GROSSESSE NON DÉSIRÉE, VIOL, INCESTE, MANQUE DE PROTECTION: Témoignages renversants, constats et recommandations

GROSSESSE NON DÉSIRÉE, VIOL, INCESTE, MANQUE DE PROTECTION:  Témoignages renversants, constats et recommandations

De nos jours, les grossesses non désirées sont de plus en plus fréquentes et s’accroissent. Ces personnes exposées le sont à divers titres, et les facteurs qui les rendent susceptibles d’être exposées sont nombreux. Certaines l’ont été à la suite d’un viol, d’autres ont été victime de l’inceste, ou par manque de précaution, innocence ou même par peur de prendre certaines responsabilités etc.

Au Sénégal quand on parle de grossesse non désiré automatiquement les gens pensent que c’est une grossesse qui a eu lieu hors mariage. Alors que ces grossesses non désirées peuvent survenir dans un ménage et affecter une personne, même au sein d’une famille, qui ne s’y attendait pas.

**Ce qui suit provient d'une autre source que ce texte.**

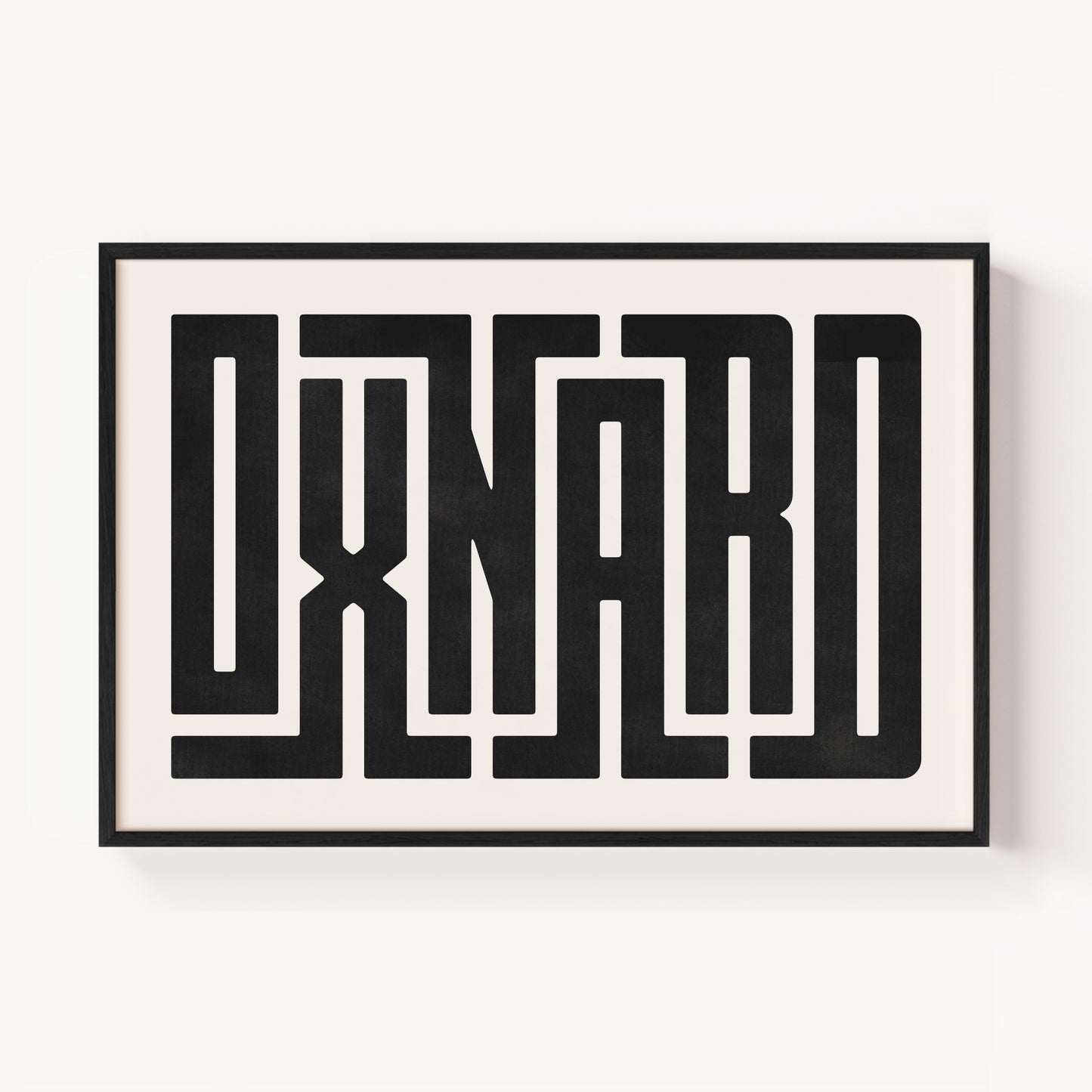 Modern Framed Oxnard Art - Black Typography Design on White Background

Dans tous les cas, une grossesse non désirée peut être définie comme une grossesse non voulue par la mère-porteuse. Ainsi, c’est la raison pour laquelle nous nous sommes rapprochés de personnes cibles qui ont été affectées par ces grossesses non désirées ou qui les ont subies.

AMY SAKHO, CHARGÉE DE COMMUNICATION DE L’ASSOCIATION DES FEMMES JURISTES DU SÉNÉGAL

«Certaines de ces femmes, désespérées, ont recours à l’infanticide»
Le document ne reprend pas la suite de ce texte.